TASK PROMPT :: Work out the number of lines below containing the word "venda" and give nothing besides it.

DATA FOR THIS EXERCISE ::

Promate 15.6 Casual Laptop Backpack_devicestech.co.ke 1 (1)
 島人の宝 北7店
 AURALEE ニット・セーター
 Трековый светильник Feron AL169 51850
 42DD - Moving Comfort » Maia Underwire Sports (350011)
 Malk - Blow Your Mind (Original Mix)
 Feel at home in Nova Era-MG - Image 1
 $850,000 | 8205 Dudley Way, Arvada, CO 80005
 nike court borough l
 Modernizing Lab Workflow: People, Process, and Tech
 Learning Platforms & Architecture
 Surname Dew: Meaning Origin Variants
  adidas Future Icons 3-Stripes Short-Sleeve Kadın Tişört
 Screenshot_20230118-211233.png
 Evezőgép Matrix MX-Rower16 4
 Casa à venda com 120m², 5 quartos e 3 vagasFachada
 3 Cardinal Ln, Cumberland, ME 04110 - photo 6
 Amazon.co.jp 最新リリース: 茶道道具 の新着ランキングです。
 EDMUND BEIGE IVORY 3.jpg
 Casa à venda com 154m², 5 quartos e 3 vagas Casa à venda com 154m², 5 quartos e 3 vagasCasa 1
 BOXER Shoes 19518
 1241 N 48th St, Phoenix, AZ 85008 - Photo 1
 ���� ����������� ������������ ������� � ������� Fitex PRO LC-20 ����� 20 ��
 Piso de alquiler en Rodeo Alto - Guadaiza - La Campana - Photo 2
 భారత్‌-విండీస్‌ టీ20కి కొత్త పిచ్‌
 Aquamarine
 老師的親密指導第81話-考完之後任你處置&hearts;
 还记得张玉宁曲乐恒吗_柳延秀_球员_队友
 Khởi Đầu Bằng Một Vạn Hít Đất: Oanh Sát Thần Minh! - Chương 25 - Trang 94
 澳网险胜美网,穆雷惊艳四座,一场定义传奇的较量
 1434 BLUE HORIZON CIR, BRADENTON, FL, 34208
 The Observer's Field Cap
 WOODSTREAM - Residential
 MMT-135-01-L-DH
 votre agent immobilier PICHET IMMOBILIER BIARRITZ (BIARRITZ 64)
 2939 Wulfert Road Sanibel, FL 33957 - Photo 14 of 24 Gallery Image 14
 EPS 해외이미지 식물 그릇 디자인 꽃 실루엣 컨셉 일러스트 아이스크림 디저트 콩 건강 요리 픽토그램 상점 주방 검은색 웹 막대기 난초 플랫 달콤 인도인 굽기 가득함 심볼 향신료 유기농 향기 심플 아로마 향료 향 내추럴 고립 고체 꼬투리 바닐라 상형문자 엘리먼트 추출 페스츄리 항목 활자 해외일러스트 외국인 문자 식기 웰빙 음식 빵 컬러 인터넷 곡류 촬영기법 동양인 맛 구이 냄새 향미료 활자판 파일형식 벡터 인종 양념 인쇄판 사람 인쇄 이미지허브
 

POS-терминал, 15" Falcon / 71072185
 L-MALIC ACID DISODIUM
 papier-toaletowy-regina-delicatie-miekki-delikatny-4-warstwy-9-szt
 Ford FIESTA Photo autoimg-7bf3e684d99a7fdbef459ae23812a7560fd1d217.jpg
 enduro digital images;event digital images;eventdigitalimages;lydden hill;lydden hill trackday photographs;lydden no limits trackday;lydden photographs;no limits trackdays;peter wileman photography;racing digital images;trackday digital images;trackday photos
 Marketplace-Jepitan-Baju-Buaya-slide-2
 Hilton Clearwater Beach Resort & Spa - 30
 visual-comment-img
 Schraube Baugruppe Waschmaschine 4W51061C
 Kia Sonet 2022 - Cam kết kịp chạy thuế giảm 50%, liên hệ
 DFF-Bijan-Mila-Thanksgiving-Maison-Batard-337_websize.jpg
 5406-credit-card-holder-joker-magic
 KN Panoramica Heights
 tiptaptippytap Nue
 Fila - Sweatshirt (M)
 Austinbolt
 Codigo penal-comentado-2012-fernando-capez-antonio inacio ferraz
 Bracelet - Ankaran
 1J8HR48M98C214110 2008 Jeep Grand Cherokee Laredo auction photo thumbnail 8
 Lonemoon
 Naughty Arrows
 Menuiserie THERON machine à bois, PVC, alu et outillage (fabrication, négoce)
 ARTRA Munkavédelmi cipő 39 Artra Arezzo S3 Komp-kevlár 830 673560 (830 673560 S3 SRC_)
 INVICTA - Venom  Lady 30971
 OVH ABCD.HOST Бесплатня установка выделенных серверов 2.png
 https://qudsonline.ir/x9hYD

OUTPUT OF THE TASK :: 2